§ **BRIEF**
Each line below must be reproduced exactly as it stands. Pictures stay out of the copy.

---------- SUPPLIED INFORMATION ----------

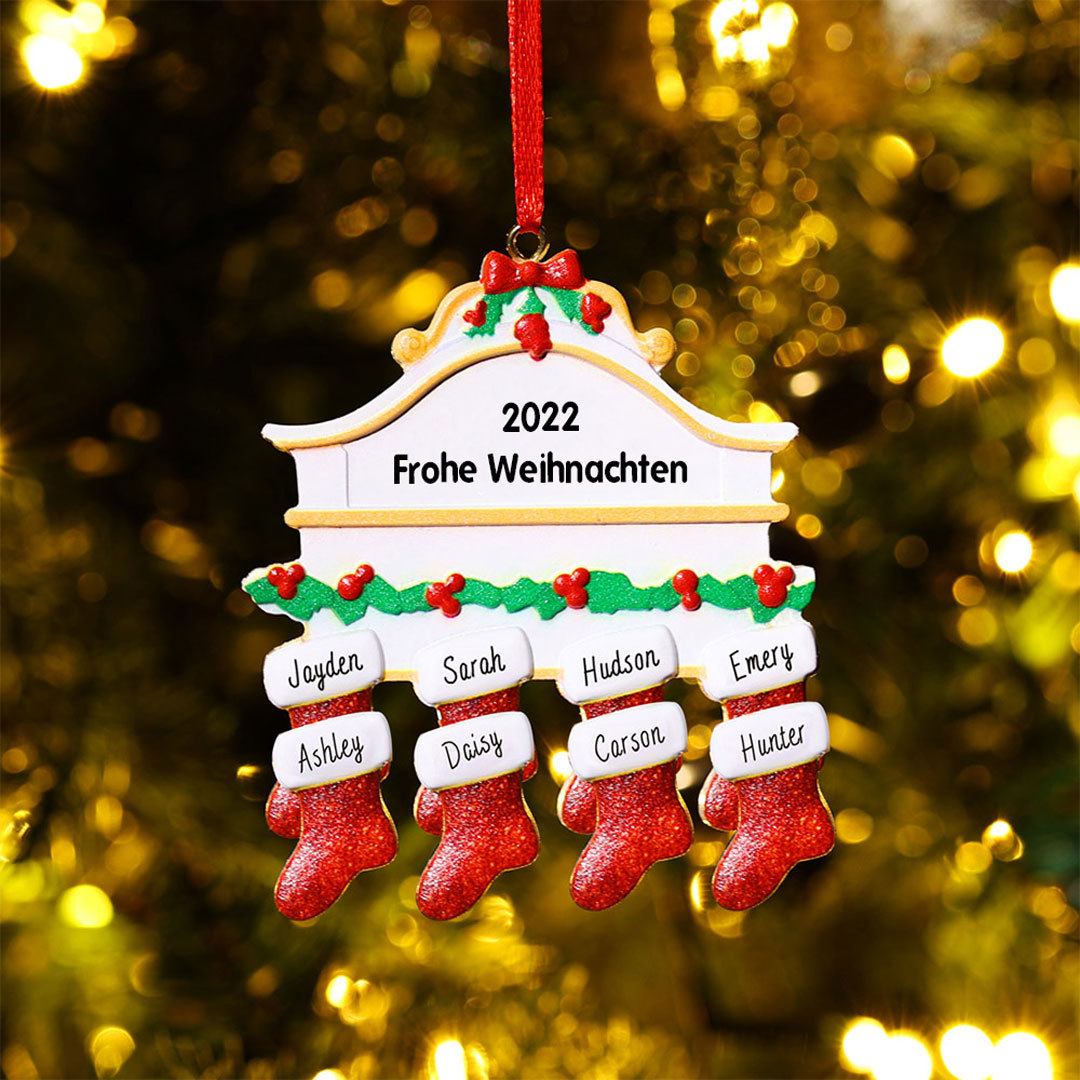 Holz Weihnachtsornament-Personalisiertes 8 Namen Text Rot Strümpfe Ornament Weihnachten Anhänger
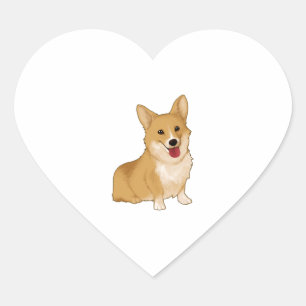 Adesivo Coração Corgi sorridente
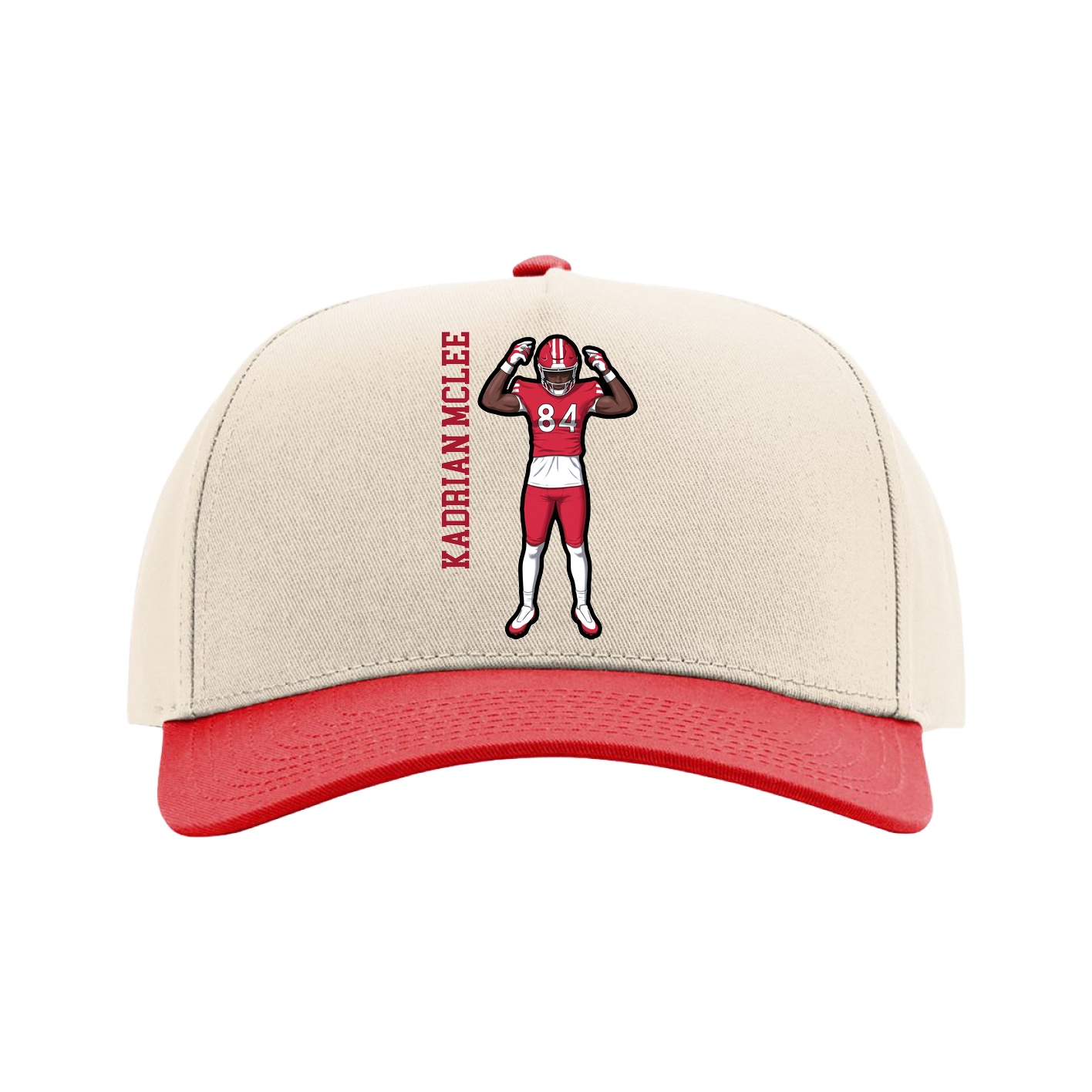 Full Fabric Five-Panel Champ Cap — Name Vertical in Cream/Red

----------

§ **YOUR SOLUTION**
 Holz Weihnachtsornament-Personalisiertes 8 Namen Text Rot Strümpfe Ornament Weihnachten Anhänger
 Adesivo Coração Corgi sorridente
 Full Fabric Five-Panel Champ Cap — Name Vertical in Cream/Red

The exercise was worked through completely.